A complete guide to the ACT Reading section. Covers the enhanced ACT format (about 36 questions in 40 minutes) and how it changed from the legacy 40-question section, the four passage types, paired passages, the three reporting categories (Key Ideas and Details, Craft and Structure, Integration of Knowledge and Ideas), the 1 to 36 score scale, and how to study each skill.

The ACT Reading section is one part of the ACT, the United States college-admissions test produced by ACT, Inc. It is passage-based: you read short texts and answer multiple-choice questions whose answers are all grounded in the passage in front of you. This page is the index: below is a map of the enhanced format and how it changed, the four passage subject areas, the three reporting categories, the 1 to 36 score scale, and how to study each skill for a high score.

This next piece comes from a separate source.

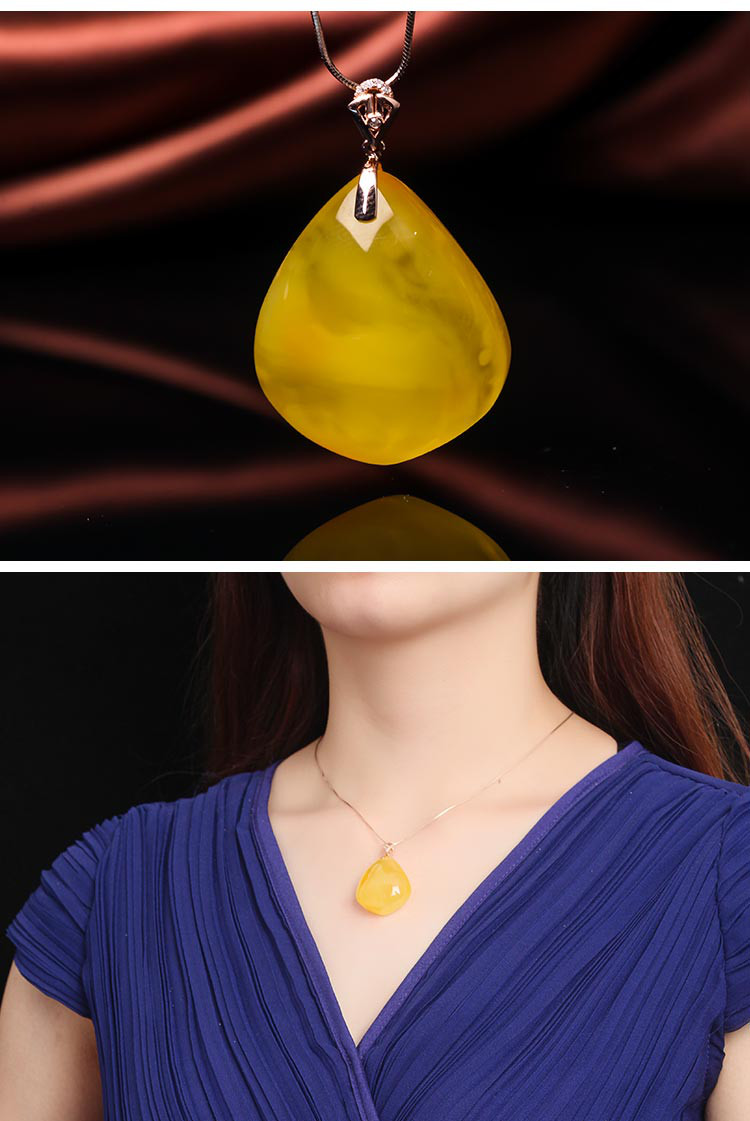 穗南18k金镶钻石 蜜蜡水滴吊坠(含链)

This library covers ACT Reading in full: a format and strategy module, one module for each of ACT's three reporting categories (Key Ideas and Details, Craft and Structure, Integration of Knowledge and Ideas), a module on the four passage types, and a module on paired passages and pacing.

The section at a glance, and what changed

ACT has moved to an enhanced version of the test. On the enhanced ACT, Reading has about 36 questions in 40 minutes. The legacy section had 40 questions in 35 minutes, organized as four passages of about 10 questions each, one passage per subject area.

The change matters for how you prepare:

  • The section is shorter and slightly slower per question. Fewer questions and one extra minute mean a little more time to find evidence, but the section is still fast at roughly a minute a question.
  • Passages are a little shorter, and the structure is described as several parts rather than a fixed four-passage block. Some parts have one longer passage; some have shorter passages; one part is usually a pair of shorter passages you compare.
  • The skills and the 1 to 36 scale are unchanged. The same reading abilities are tested, and the score scale is the same as before.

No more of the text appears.